This is pretty complicated to explain but i have to try.
We have had on a few different networks that we manage a device that will take down the network almost entirely. Usually this has been a debit machine and all it takes to fix it is reboot the debit machine but it would be nice if there was a way to detect a device thats causing it so we can take some action.
We also had a computer that took down the network and it was just faulty hardware this took about 2 hours to track down. Soon as we located it and disconnected it from the network then all lan activity started working.
I know this is a shot in the dark but anyone ever experienced this? I have a mikrotik router as main router.
that kind of problem must be mitigated in access layer (manged switches and/or wireless access-points), the scope of actions you can do from main router is very limited
What kind of network? Wireless, ethernet, other?

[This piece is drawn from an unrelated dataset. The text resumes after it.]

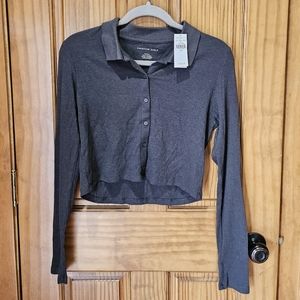 NWT Cropped Charcoal Ribbed AE Long-Sleeved Button-Up Polo Size M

Can be very difficult to find that device. Might need at least sniffing the network, to see what is there. (Broadcast/multicast storm, DHCP Nacks, Extra DHCP server, MAC conflict, invalid packets, continous transmit, etc etc etc.)
Sure. It’s a standard task for any network administrator. Watch logs and sniff traffic. First, you should determine what happening. Next, make to avoid it (depends on kind of situation). I am sure there is some traffic analyzing software (or software-hardware complex) which could do network traffic analysis in real-time and then notify you about issues or run some automation. But, usually, you don’t need such complex approach and it’s enough to sniff traffic and watch logs.
One more idea is so-called “ethernet loops”. It could caused by faulty Ethernet card. You should configure some loop-detection feature on your switch or router.